Вот тут на него обратили внимание по-настоящему. Некоторое воззрились на него просто удивленно, другие – так, словно он публично испортил воздух. Хотя, судя по содержимому банки, публично портили воздух как раз они. Среди лиц, обернувшихся к нему, Фридрих обратил внимание на одно. Девушка, прежде сидевшая к нему спиной, оказалась одним из немногих счастливых исключений из общей закономерности: лицо ее было вполне миловидным (очки в изящной оправе ничуть его не портили), а одежда не выглядела подобранной в контейнере "Сэконд хэнд", куда сердобольные американские домохозяйки складывают нестиранные обноски для бродяг. Но главное было не это, а то, что это лицо он недавно где-то видел. В свое время у Фридриха была отвратительная память на лица – свойство, для летчика безразличное, но крайне неудобное для разведчика, так что ему пришлось специально тренировать эту способность. И вот теперь, пусть с секундным опозданием, но ответ все же всплыл: контролер в троллейбусе. Марта, фолька.

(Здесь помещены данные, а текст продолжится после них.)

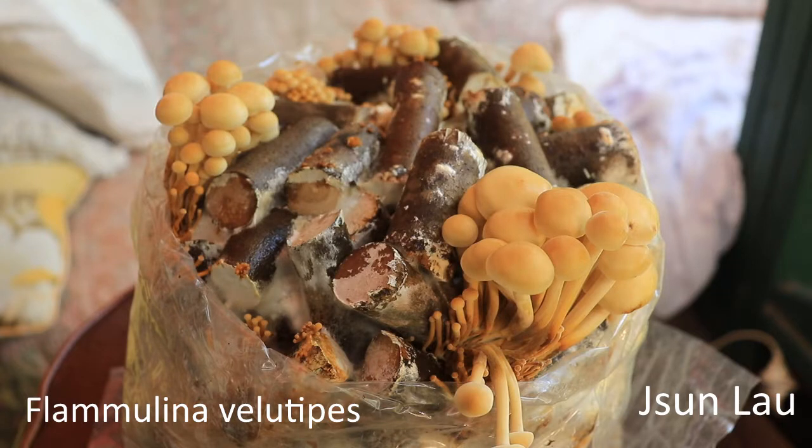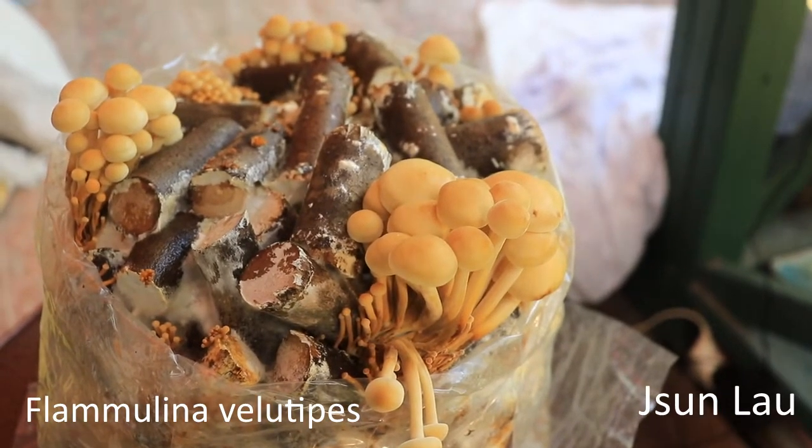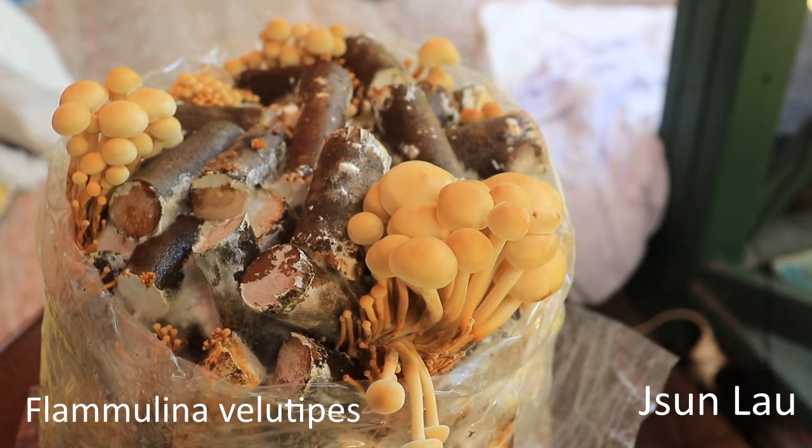I added grain spawn made with wheat, and it's taken about five weeks to colonize and fruit. So that's pretty exciting — I finally get to have a look at a mushroom that I've never seen in the wild, and get to eat some, so awesome.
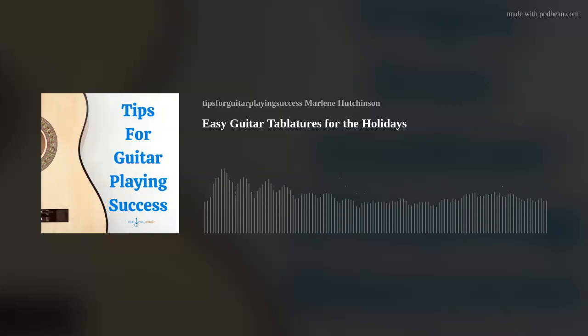I hope this episode's tip has helped you to continue expanding your guitar playing skills and knowledge. If you'd like to learn more, please check out the many learning resources available at marlenesmusic.com. Thank you for joining today's podcast, and as I like to say, play on!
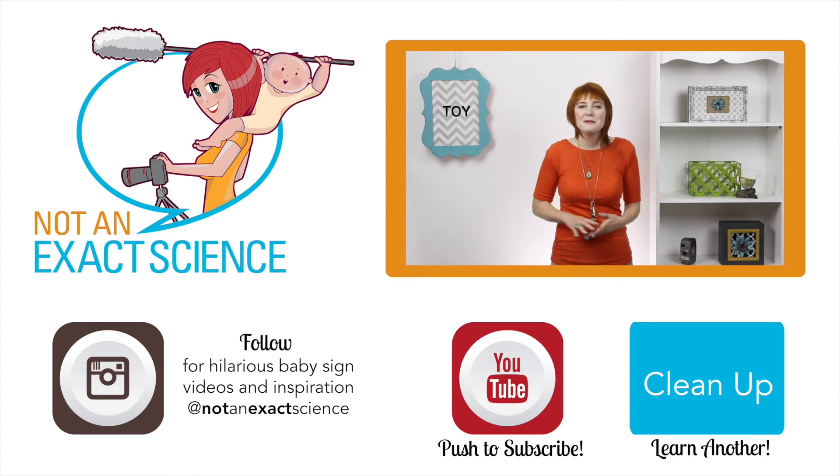To teach your baby to sign, whenever you give your baby a toy, you can say something like 'here's a toy,' or you can see them playing with the toys and say 'oh look, good job playing with your toys.' As you're consistent, your baby will start to make the association and then start signing.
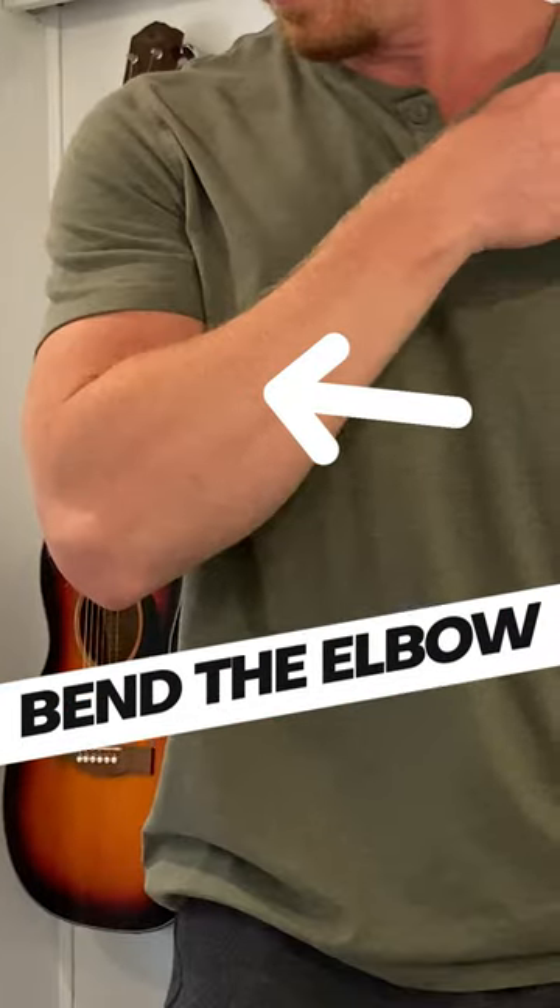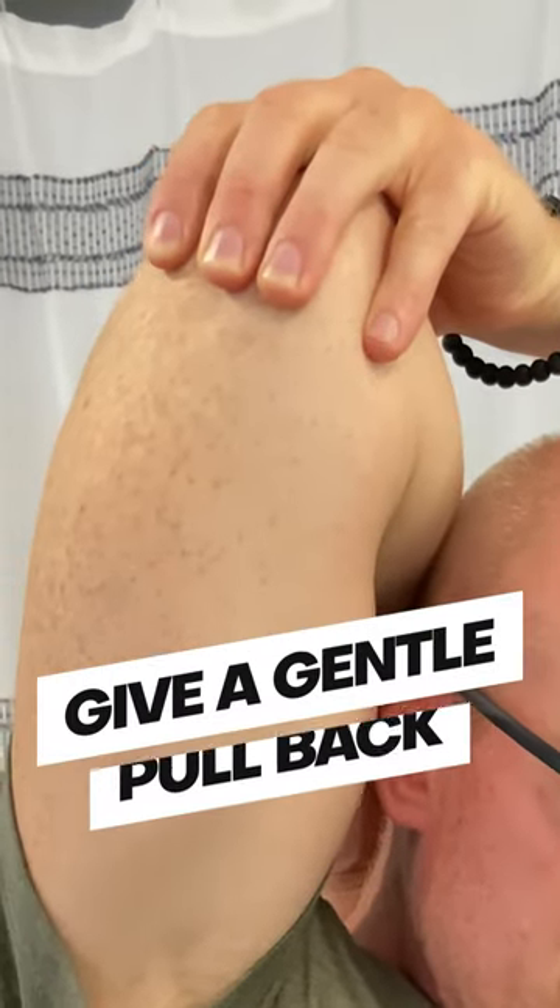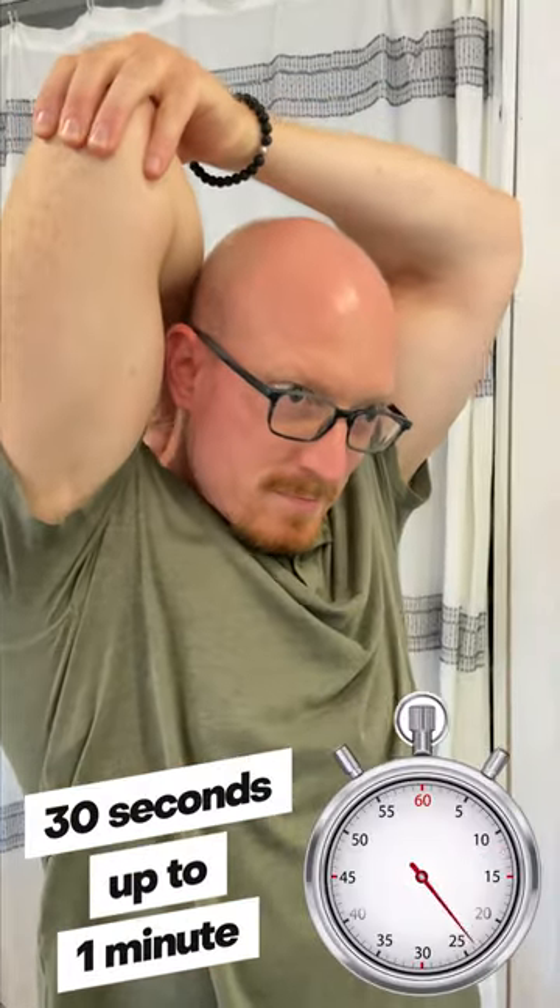First, bend the elbow on the arm that's being stretched. While keeping the elbow bent, raise the elbow toward the ceiling. Grab the elbow with the other arm, give a gentle pull back, and hold at least 30 seconds or up to one minute as tolerated. Repeat on the other arm.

Его тогда еще удивило несоответствие дорогой оправы очков и ее слов о необходимости подрабатывать. Кажется, картина проясняется. Девочка из преуспевающей семьи увлеклась идеями диссидентов, поссорилась с родными... Черт, эта встреча совсем некстати. Перед поездкой сюда Фридрих думал, как представиться местной публике. Пытаться сойти за русского было слишком рискованно; в конце концов, и таксист, и контролер сразу же распознали в нем чужака. С другой стороны, дойч из Райха, не являющийся при этом членом СЛС (разоблачить симуляцию обратного было бы слишком легко), но проявляющий интерес к российскому демдвижению, да еще хорошо знающий русский, едва ли внушит господам либералам особое доверие. Так что Франциске была сообщена легенда, что он фольк, и, возможно, она даже успела её озвучить... И вот теперь эта встреча с Мартой, знающей, что он берлинец! Впрочем, она не обязана его узнать. Мало ли лиц видит за день троллейбусный контролер... Он поспешно отвел глаза от девушки, не желая привлекать ее внимание, но, кажется, было поздно. По ее лицу было видно, что она тоже пытается понять, где его видела. Затем она улыбнулась. Вспомнила.

– Вообще-то мы равно уважаем права некурящих и курящих, – заметил один из заросших.

– О каких правах вы говорите? – контратаковал Фридрих. – О праве на жизнь и охрану здоровья? Я тоже согласен, чтобы это право предоставлялось и тем, и другим. А поскольку курение нарушает это право... Или вы хотите сказать, что чистый воздух столь же неприятен и вреден курильщику, что и табачная вонь – некурящему?

– Этот господин из Берлина, – произнесла Марта извиняющимся тоном, словно пытаясь загладить неловкость. Хотя, по убеждению Власова, в неловком положении оказался отнюдь не он.

– Ладно, я уберу пепельницу, – сказала Ирина, все еще стоявшая возле стола. – Тем более что она все равно не нужна. Здесь никто не курит в присутствии других людей, – добавила она демонстративно, и Фридрих понял, что нужно возмутиться, пока его окончательно не записали во враги:

– Если бы я был стукачом, – пришла пора и ему козырнуть знанием русского жаргона, – неужели вы думаете, что я стал бы так примитивно... – горячо начал он, но плешивый нетерпеливо кивнул:

– Ладно, ладно. Не будем ссориться. Так вы в самом деле прибыли оттуда?

– Да, – кивнул Фридрих, на ходу перестраивая свою легенду. – Родители увезли меня туда в раннем детстве. У меня даже имя дойчское: Фридрих. Недавно я вернулся в Россию. Не могу пока сказать с уверенностью, что навсегда – это зависит... (он сделал паузу) от разных обстоятельств. Но, вероятно, надолго. Скажу честно: я не могу назвать себя вашим единомышленником. Но у меня есть свой собственный ум, и я хочу разобраться в некоторых вещах. Без розовых очков официальной пропаганды.